→ Stored data

§ §

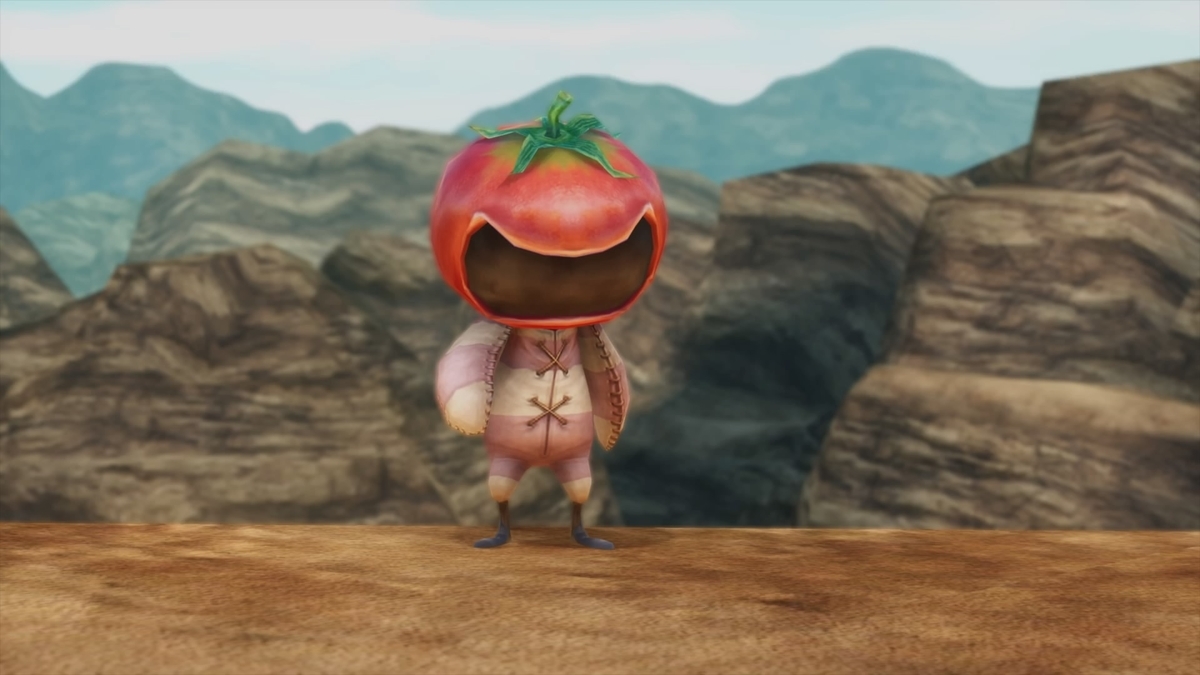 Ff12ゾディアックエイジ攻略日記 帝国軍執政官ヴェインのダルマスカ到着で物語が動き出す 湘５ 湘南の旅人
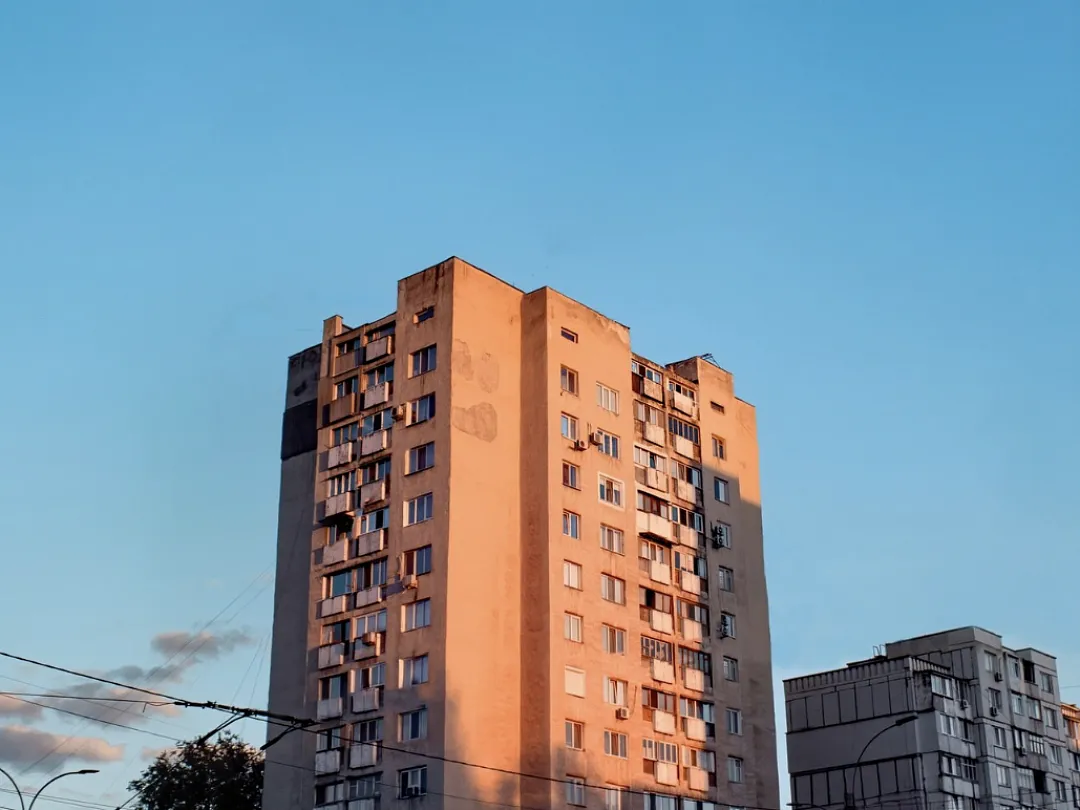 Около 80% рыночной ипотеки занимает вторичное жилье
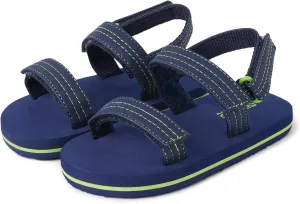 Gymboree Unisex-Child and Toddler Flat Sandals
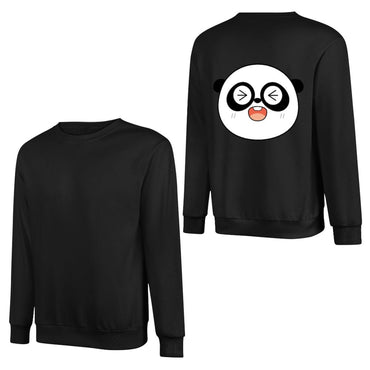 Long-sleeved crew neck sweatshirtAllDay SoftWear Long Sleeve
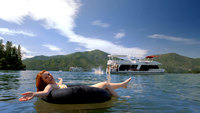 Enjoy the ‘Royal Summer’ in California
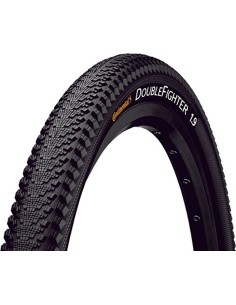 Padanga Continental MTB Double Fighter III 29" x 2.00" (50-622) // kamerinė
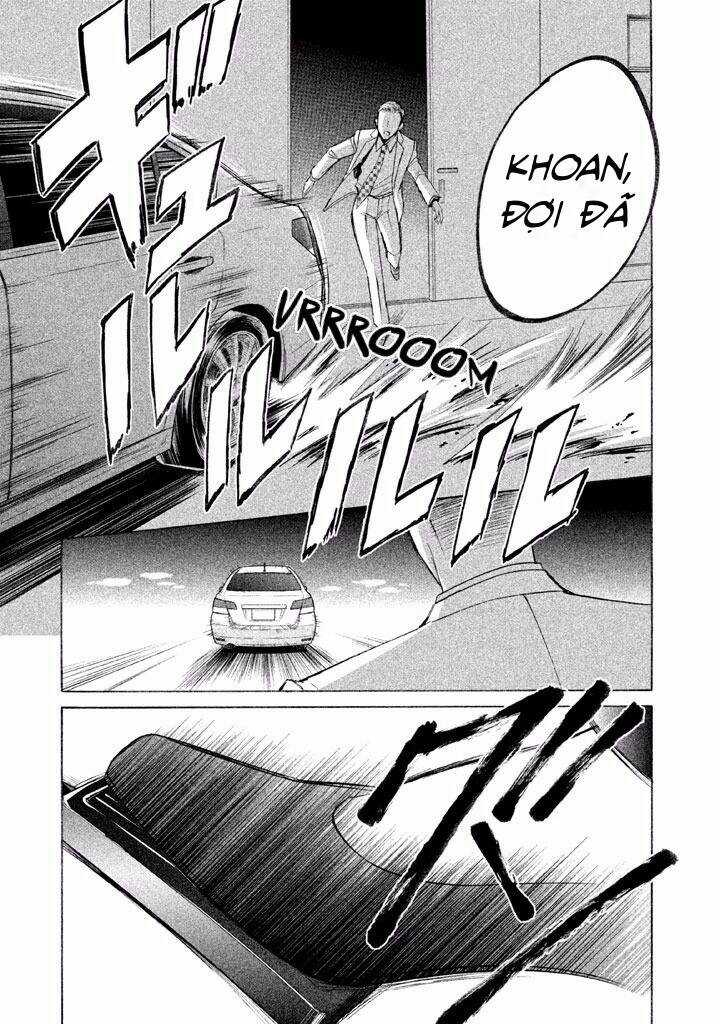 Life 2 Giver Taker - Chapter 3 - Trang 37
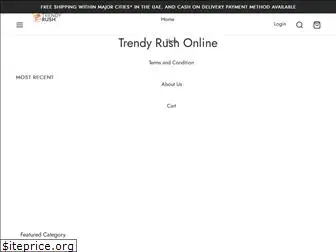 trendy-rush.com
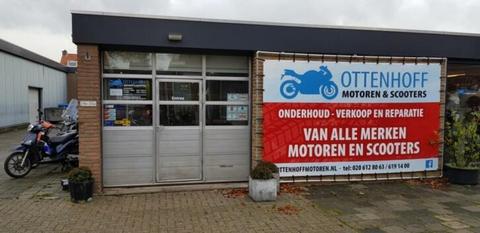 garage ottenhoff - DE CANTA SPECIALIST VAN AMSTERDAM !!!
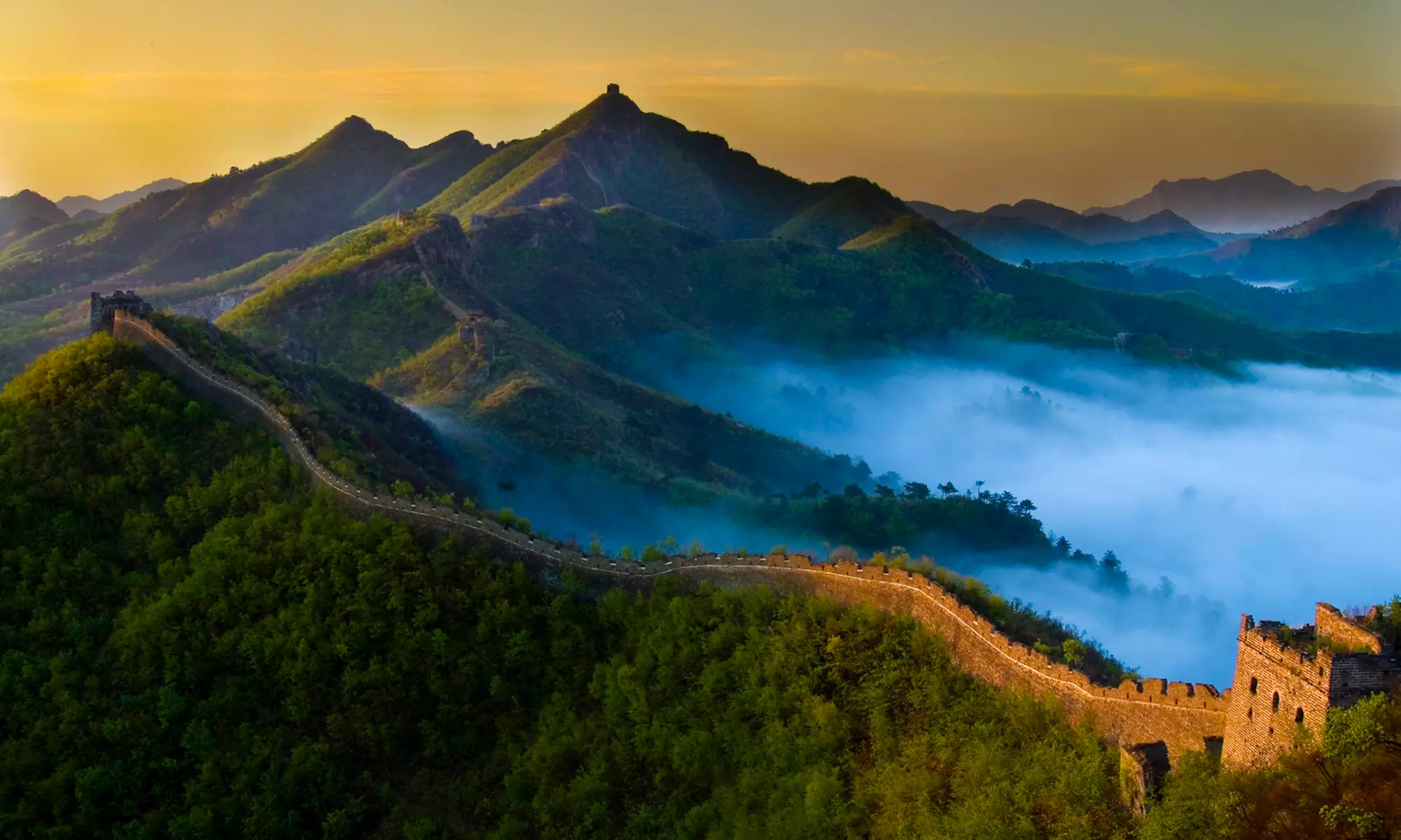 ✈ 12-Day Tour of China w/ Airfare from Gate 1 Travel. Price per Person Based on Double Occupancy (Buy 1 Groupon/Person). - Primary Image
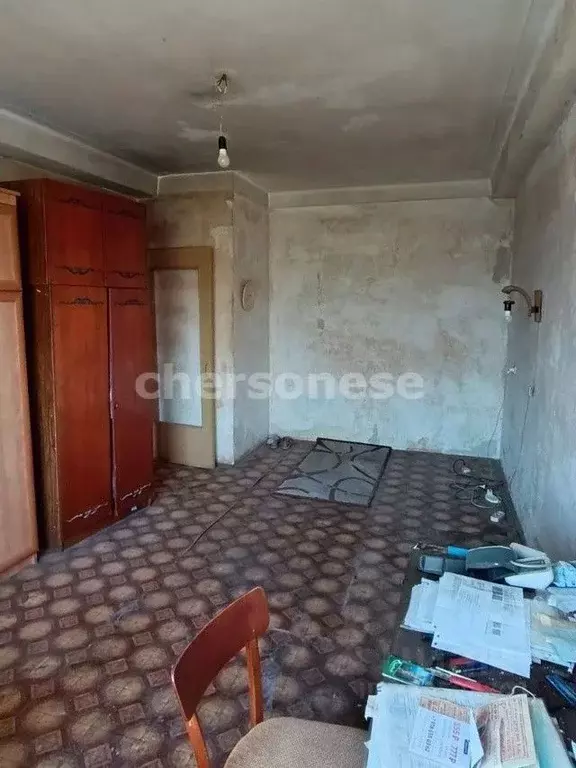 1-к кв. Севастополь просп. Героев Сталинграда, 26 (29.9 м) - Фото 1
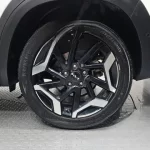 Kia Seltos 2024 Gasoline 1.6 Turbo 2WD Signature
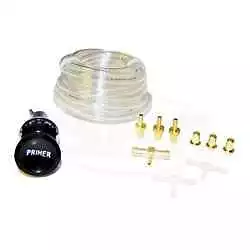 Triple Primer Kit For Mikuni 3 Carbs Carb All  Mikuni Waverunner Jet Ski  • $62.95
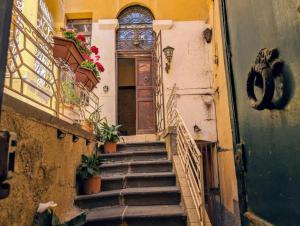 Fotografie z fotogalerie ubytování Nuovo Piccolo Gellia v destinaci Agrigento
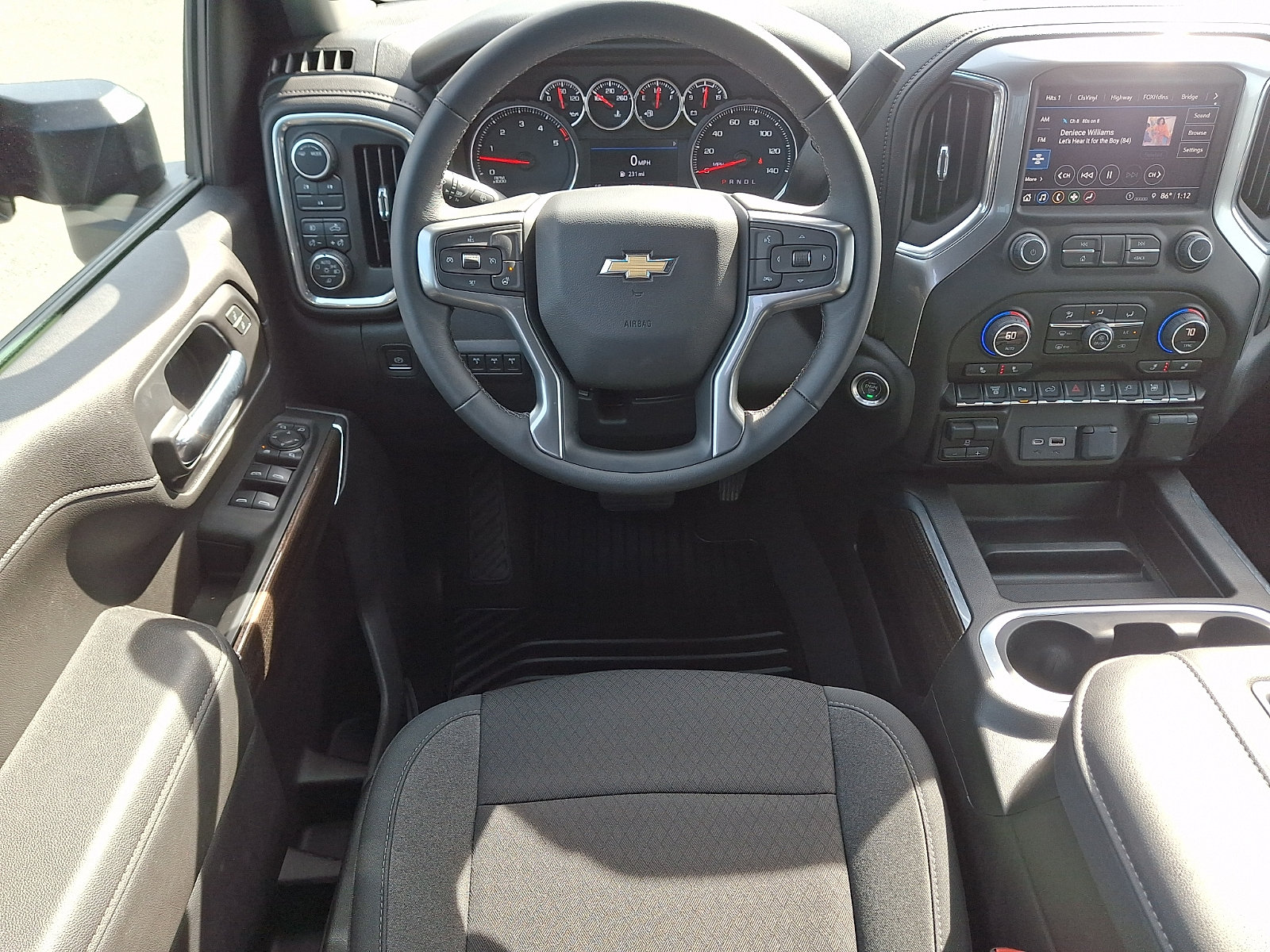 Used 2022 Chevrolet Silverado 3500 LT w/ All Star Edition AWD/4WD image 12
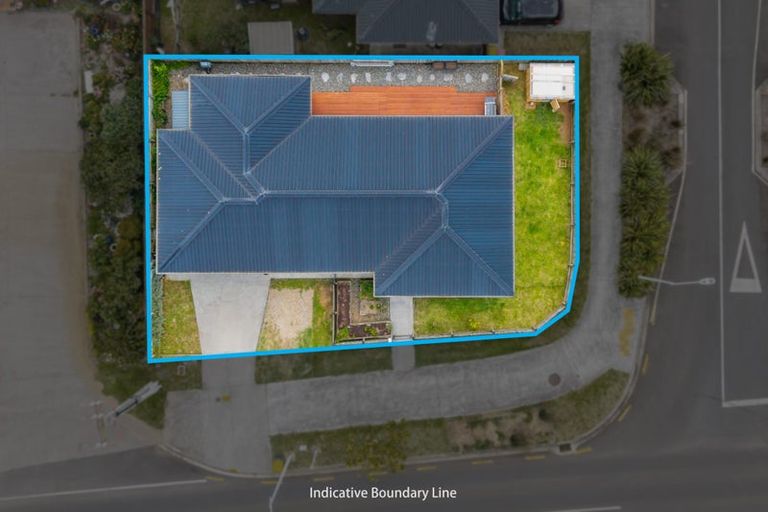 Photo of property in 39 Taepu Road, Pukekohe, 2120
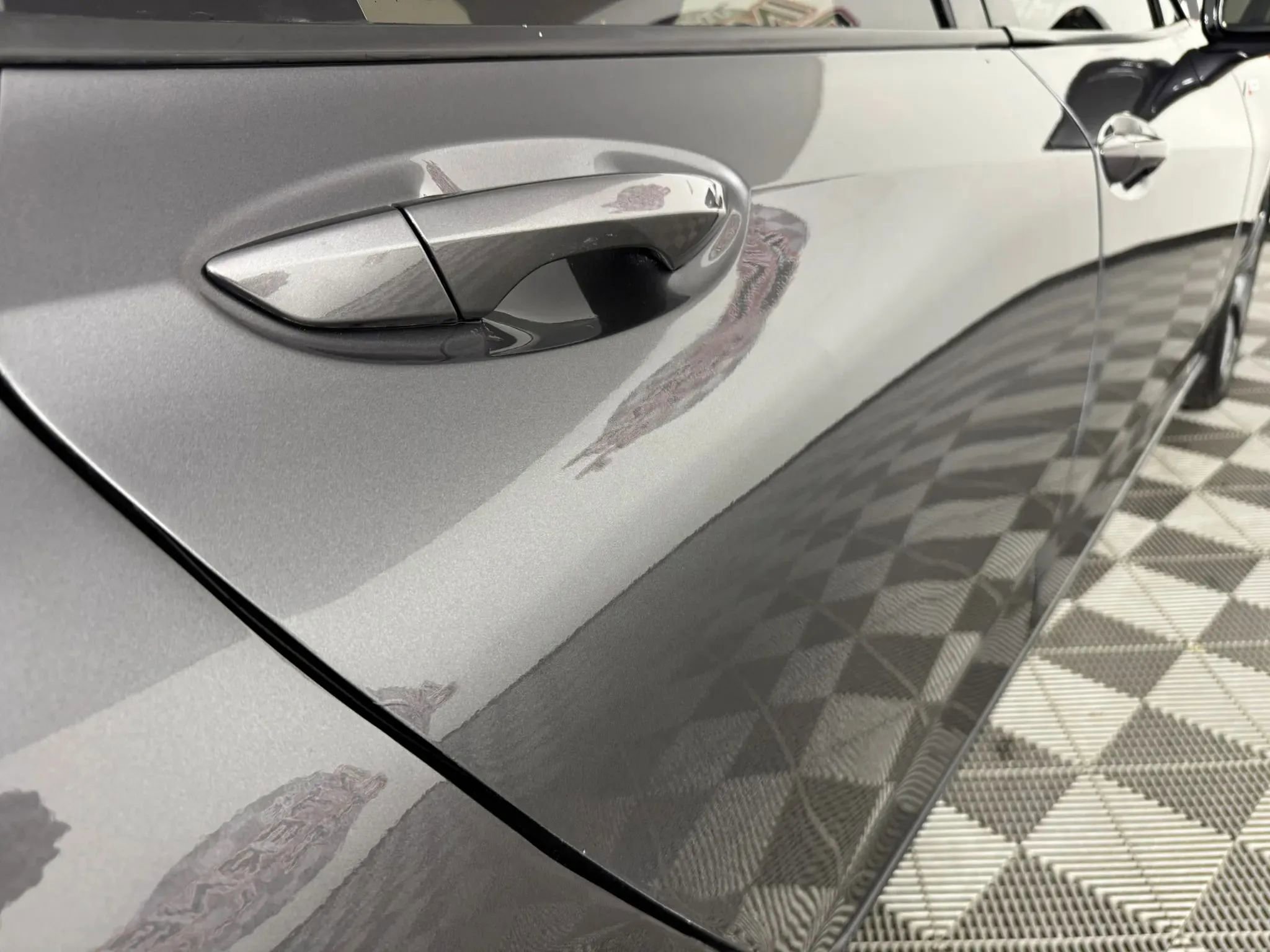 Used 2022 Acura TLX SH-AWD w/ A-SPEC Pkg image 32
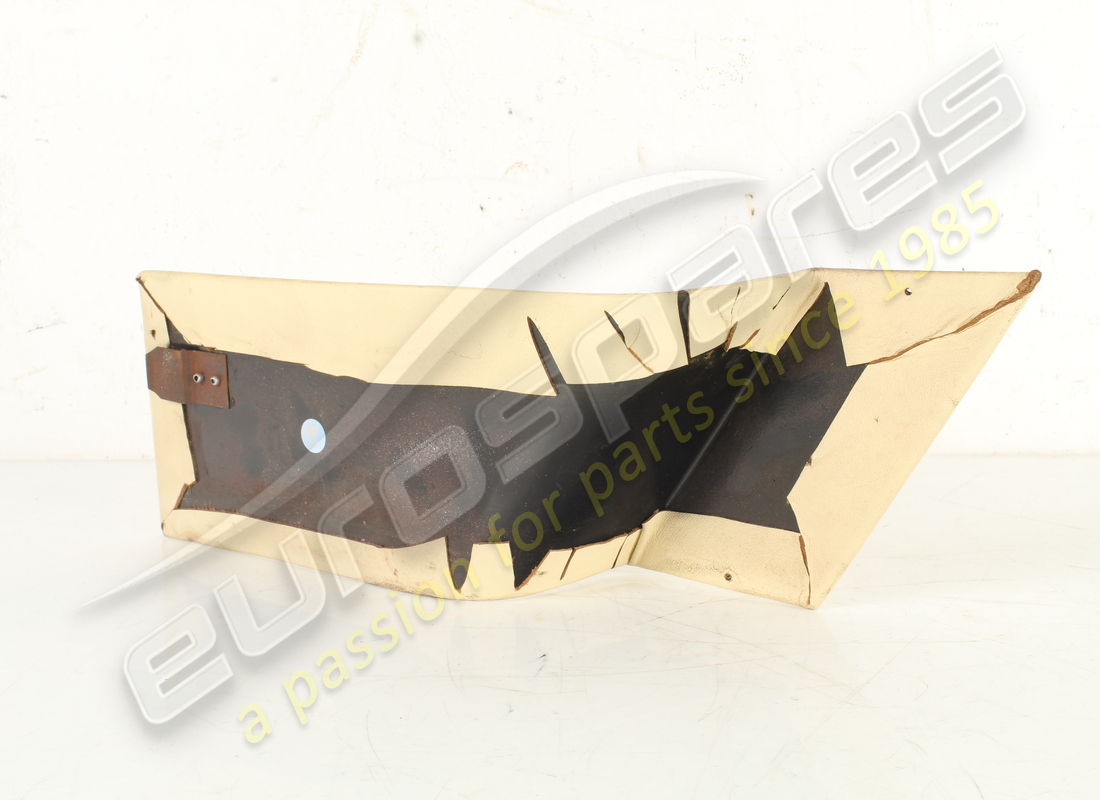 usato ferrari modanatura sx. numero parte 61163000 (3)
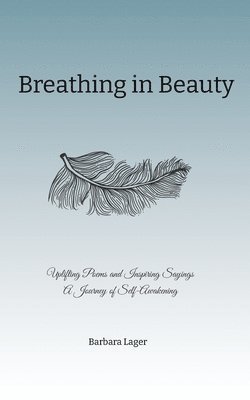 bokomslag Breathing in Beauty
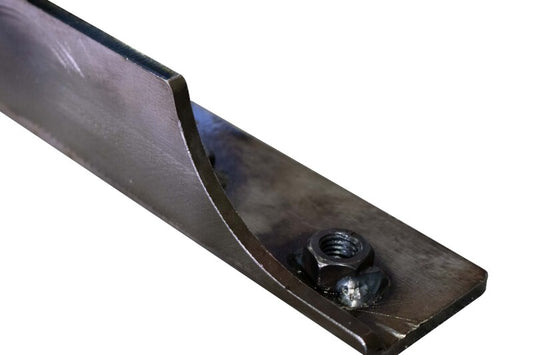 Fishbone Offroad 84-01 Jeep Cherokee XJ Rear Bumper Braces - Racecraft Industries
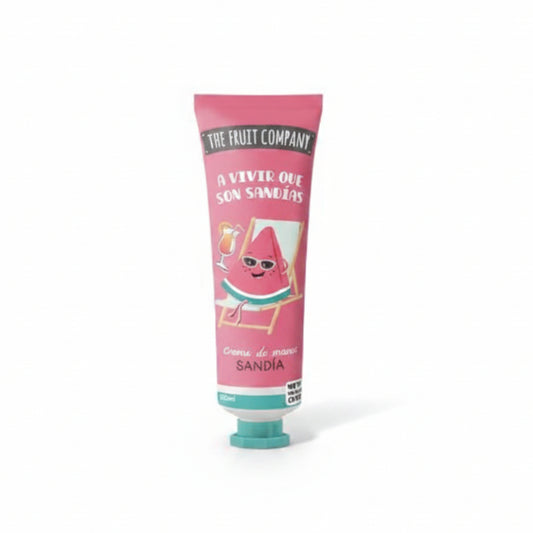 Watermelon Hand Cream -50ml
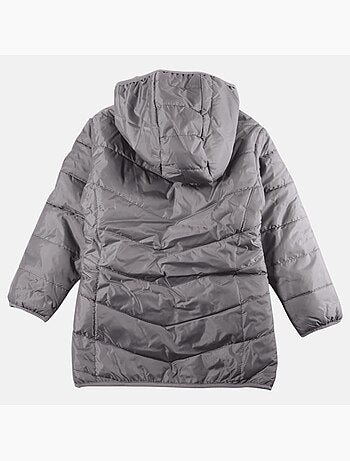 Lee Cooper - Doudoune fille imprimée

§ §

Reproduce the records above exactly, but only from the line containing "usato ferrari modanatura" through the last line, both included, and without any pictures.

 usato ferrari modanatura sx. numero parte 61163000 (3)
 bokomslag Breathing in Beauty
 Fishbone Offroad 84-01 Jeep Cherokee XJ Rear Bumper Braces - Racecraft Industries
 Watermelon Hand Cream -50ml
 Lee Cooper - Doudoune fille imprimée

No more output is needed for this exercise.